The E. coli bacteria that ravaged [nine-year-old Colton George]’s kidneys was a genetic match to the strain that killed one person and sickened nearly 90 people in 15 states last fall. Federal health agencies investigated the cases and linked them to a farm that grew romaine lettuce.

But most people have never heard about this outbreak, which a Feb. 11 internal Food and Drug Administration memo linked to a single lettuce processor and ranch as the source of the contamination. In what many experts said was a break with common practice, officials never issued public communications after the investigation or identified the grower who produced the lettuce.

E. coli is a bacteriological bomb. In the years 1992 and 1993, an outbreak killed four people and infected more than 500 more. The outbreak was traced to hamburgers served at Jack in the Box restaurants. The company projected between $20 and $30 million of losses over the course of those two years. This administration, of course, doesn’t give a damn.

The investigation into the illnesses began near the end of the Biden administration but work on the lettuce outbreak wasn’t completed until Feb. 11. At that time, the decision was made by the Trump administration not to release the names of the grower and processor because the FDA said no product remained on the market.

The administration also has withdrawn a proposed regulation to reduce the presence of salmonella in raw poultry, according to an April USDA alert. It was projected to save more than $13 million annually by preventing more than 3,000 illnesses, according to the proposal.

The administration is disbanding a Justice Department unit that pursues civil and criminal actions against companies that sell contaminated food and is reassigning its attorneys. Some work will be assumed by other divisions, according to a publicly posted memo from the head of the department’s criminal division and a white paper by the law firm Gibson Dunn.
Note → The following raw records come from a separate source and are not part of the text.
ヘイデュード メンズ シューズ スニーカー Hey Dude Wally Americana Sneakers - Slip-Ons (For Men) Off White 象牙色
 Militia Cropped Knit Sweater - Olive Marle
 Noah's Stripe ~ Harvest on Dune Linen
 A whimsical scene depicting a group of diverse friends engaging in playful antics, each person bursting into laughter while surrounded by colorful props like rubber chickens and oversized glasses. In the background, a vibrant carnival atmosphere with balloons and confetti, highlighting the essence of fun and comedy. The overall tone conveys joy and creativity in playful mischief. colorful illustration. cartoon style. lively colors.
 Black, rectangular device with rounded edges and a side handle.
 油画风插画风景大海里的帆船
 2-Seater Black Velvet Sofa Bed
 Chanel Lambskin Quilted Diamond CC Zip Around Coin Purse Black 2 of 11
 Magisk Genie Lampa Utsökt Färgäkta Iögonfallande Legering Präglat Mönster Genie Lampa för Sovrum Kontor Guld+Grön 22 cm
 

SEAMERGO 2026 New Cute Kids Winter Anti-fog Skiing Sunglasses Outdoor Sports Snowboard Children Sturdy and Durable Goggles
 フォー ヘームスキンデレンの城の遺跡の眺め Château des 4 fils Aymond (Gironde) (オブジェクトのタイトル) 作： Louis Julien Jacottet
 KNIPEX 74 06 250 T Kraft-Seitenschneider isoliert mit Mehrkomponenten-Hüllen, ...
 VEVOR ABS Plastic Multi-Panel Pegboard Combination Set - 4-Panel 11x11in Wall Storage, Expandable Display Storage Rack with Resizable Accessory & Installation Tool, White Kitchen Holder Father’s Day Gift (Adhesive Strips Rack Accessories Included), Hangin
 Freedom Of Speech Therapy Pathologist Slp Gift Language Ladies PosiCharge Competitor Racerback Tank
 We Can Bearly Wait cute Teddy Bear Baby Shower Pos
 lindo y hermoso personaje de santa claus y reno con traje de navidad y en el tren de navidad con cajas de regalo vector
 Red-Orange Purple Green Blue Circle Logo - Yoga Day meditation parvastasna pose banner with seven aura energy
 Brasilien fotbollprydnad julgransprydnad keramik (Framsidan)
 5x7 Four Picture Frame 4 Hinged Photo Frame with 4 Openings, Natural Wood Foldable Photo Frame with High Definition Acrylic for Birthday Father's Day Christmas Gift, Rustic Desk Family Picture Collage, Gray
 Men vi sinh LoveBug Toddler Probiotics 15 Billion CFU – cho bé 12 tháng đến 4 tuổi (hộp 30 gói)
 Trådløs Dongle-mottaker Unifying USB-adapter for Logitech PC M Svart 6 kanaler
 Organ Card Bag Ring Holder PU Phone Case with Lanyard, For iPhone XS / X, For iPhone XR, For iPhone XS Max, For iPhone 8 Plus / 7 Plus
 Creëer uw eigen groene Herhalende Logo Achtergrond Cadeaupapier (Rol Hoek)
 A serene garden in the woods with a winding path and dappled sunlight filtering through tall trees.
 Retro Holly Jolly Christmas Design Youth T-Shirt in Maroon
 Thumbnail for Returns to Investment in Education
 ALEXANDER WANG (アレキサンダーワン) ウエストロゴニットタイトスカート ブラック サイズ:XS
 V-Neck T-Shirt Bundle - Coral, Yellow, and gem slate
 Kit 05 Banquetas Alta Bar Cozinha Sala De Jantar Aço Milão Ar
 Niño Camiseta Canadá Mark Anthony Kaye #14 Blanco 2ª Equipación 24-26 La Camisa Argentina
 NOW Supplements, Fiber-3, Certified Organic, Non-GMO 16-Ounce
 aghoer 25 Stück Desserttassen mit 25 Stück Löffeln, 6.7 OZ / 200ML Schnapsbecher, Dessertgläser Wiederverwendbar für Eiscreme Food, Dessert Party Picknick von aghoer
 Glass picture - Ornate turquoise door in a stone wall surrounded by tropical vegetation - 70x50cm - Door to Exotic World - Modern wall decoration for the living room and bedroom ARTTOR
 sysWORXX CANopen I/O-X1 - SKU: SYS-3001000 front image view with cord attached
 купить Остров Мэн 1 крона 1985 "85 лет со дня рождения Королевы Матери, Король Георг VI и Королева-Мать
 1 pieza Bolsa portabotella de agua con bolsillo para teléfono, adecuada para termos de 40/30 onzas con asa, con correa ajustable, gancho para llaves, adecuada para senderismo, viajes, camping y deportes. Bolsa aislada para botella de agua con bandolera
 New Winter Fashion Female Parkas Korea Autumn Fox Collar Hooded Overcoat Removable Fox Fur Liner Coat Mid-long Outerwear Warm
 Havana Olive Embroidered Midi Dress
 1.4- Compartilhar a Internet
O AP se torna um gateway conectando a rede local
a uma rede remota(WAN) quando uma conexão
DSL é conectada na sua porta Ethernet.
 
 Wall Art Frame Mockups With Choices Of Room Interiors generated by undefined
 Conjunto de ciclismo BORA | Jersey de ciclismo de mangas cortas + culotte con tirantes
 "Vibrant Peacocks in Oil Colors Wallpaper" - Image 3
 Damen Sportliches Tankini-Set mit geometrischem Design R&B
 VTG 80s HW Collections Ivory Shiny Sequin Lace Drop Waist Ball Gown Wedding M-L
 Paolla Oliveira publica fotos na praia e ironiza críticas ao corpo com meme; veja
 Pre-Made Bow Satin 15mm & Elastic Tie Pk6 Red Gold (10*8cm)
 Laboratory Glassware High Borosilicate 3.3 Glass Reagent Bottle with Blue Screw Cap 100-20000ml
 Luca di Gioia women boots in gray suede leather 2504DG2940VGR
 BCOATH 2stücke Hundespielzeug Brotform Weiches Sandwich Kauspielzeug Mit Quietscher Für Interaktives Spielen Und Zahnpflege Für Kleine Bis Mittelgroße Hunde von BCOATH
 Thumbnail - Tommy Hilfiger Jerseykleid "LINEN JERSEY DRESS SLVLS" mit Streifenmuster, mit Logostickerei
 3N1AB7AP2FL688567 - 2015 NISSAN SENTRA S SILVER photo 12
Then, there is the now-standard bailout argument—let the states do it. How do the states pay for it? Not our problem, says the national government, which is occupied at the moment refitting surplus Qatari jumbo jets.

Federal regulators also want states to conduct more inspections, according to two former FDA officials, who spoke on the condition of anonymity out of fear of retaliation. But some Democratic lawmakers say states lack the resources to take over most food safety inspection. “Handing that duty to state and local agencies is really troubling,” said Rep. Shontel M. Brown (D-Ohio). “They don’t have the resources, and it creates a potentially unsafe situation that puts families in Ohio and America at risk.”

This administration doesn’t do anything, in any context, that doesn’t put America at risk, somehow.